Training the model I built proved to be very difficult, although I followed the network architecture as per the paper, the model didn't seem to converge with the parameters recommended by the model. Infact, I ran into one of the classic GAN traning problems called non-convergence or convergence failure. In my case, my discriminator loss came down 0 very quickly and the gan loss increased to a certain point and hovered around. I outputted the intermediate results at multiple checkpoints, but the all of the tunred out to be noise, which are clear signs of GAN non-convergence. Below are some plots of the losses while training for 4500 iterations on 100 diverse samples from FFHQ dataset.
Below are the some results from different model checkpoints while training
FID score I got here was 467.56
From the above internmediate results, we can see that the model spit noise even after 4000 iterations and also it started generating discontinuous noise , meaning random white spots. We can see this in the image corresponding 4500, there are white spots dispersed over the output. This is not a good sign and often an indication of non-convergence. Also the segmap have lost any variance at all as the training iteration gone up, meaning the model , more specifically the generator, is not learning. Looking the gan loss for discriminator (quickly dropped to zero and stuck there), my training got dominated by discriminator. It is already established in literature corresponding to GAN that for effective training of GANs, discriminator and generators should be in balance else the GAN will suffer with mode collapse or non-corvergence (latter in my case).

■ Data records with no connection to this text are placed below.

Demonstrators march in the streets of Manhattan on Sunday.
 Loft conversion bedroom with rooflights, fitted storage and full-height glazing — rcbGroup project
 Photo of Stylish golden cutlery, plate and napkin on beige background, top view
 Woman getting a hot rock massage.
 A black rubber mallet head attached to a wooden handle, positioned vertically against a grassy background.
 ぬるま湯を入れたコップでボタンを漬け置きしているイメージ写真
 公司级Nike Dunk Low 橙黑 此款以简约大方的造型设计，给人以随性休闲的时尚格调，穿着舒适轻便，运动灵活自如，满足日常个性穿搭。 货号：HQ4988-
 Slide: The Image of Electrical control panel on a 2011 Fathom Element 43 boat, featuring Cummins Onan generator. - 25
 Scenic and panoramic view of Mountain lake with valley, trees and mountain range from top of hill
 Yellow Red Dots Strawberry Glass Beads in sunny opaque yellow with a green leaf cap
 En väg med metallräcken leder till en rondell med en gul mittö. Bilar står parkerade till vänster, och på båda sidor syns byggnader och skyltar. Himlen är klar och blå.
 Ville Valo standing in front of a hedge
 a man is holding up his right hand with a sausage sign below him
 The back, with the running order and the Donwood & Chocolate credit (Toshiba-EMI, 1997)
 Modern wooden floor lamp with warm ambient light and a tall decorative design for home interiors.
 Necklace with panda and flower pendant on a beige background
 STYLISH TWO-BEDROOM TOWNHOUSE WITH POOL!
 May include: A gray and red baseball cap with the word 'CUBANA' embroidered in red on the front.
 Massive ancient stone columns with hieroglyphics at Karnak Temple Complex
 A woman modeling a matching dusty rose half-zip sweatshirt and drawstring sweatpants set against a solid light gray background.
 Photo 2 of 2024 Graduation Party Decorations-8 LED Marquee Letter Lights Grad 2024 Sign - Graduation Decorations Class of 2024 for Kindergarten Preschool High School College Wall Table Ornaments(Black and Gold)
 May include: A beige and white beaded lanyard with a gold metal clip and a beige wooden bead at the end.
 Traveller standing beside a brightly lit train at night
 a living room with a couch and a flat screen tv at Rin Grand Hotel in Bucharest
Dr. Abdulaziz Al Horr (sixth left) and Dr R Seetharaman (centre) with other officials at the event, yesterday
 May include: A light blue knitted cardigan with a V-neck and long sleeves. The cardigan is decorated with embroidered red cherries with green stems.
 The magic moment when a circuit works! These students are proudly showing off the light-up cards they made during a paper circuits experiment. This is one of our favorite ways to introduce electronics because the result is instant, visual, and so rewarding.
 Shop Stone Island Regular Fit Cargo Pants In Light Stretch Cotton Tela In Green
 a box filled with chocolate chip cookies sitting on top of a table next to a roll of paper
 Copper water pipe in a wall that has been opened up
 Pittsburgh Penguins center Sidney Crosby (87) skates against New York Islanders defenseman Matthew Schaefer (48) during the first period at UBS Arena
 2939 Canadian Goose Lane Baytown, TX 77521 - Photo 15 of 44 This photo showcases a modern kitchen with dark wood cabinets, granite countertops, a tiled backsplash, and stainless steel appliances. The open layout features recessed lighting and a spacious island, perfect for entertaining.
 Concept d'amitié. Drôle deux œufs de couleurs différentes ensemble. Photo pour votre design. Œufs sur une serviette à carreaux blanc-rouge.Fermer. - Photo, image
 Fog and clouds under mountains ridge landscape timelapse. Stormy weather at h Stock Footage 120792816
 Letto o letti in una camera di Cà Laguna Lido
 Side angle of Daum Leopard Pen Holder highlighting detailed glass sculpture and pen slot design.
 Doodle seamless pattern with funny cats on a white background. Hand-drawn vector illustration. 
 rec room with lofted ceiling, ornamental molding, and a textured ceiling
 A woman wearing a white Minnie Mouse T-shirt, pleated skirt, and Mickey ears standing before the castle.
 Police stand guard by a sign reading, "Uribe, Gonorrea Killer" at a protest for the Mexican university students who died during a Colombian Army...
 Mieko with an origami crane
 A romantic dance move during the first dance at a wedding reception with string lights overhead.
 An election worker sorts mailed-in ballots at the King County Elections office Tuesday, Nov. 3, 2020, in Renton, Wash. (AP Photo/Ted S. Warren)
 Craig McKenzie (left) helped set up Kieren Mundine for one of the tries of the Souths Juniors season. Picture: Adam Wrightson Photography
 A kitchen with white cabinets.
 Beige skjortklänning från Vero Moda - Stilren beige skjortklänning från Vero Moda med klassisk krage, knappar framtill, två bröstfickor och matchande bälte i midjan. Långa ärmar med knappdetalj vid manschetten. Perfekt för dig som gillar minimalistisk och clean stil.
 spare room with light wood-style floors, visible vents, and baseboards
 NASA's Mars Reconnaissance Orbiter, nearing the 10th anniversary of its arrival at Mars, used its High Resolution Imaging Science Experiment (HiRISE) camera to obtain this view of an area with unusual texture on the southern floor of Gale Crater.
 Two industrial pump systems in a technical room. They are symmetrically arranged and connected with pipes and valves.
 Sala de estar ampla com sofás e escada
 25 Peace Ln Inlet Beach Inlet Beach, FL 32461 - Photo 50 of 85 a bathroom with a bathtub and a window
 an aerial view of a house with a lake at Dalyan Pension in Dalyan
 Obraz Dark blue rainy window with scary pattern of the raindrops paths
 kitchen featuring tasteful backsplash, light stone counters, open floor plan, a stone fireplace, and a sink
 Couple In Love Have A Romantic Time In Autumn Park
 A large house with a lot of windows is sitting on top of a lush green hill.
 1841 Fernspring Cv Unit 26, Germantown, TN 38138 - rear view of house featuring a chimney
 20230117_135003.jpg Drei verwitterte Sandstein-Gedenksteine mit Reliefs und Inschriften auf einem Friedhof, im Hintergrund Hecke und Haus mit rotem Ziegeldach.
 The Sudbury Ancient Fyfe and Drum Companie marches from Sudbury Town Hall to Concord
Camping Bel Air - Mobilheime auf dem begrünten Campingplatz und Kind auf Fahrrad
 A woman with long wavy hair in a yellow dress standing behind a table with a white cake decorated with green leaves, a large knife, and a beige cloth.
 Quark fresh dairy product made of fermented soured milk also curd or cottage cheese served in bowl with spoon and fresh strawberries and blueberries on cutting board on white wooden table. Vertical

Meanwhile I reached out to the original paper authors for some questions, and they shared the link of their original repo they published 2 weeks recently. I tried to point out the differences from my implementation against theirs. Except for the activation functions and some gma smoothing differences I didn't seem to find any difference from theirs and my implementation.
I tried running some experimental training scenarios with changing loss weights, especially the gan's R1 saturation loss weights, but the mo del seem to stuck at non-convergence only. After connecting with professor, discussing my project and trying to debug my model he suggested that I try using the author's original implementation and get it up running first. So I took the original authors repo [4] and modified it a bit (to account for 12 semantic class training), connected it my training dataset processing pipeline and ran training scenarios. Note: the original repo implements stage 2 too, since I limited my scope to stage 1, I decouple the super resolution stage and only modified to have the low res CNeRF stage. Now the model started training and the losses seems to stable. By stable the generator losses didn't drop to 0 and the gan loss didn't blow up or increased. Also the the intermediate results I got from the model showed activity of synthetic faces, which indicated that the generator started learning. Once I found out the model is learning, I trained the model on full blown scernio, which is 40000 image samples and the training iterations are 100K. Below are some intermediate results of the model at various checkpoints during the training.
At iteration 0
At iteration 10000
At iteration 30000
At iteration 60000
At iteration 90000
As we can clearly see, the model is improving as the number of training iterations go up. But we have to note that, although the model is improving and it is generating human like faces, the quality of it (in terms of the various blend artifacts) is not realistic enough. As per the paper, and similar other papers on 3D- Aware GANs, the recommended number of iterations are 300K when the batch size is 24 samples. Since I am using a batch size of 4 (due to limited GPU resource. Currently I am using a single A100, which is of 40GB GPU RAM, is not enough for this model to run 24 batch size), I may have to train it much higher than 300K to reach high quality synthesis checkpoint. Keeping in mind the time (it took nearly 56 hours to train for 100K iterations), computational resource (spent like 150$ on this already) in mind, I may have to stop the training at 100K. Probably by the time I submit this repost I will be able to get to 120K iterations of training. So the results I am going to discuss/show in the next section are for the model at 100K iteration checkpoint. Since we only reached 33% of the training ietrations recommended it is expected that the results will have many artifacts and incomplete semantic decoupling.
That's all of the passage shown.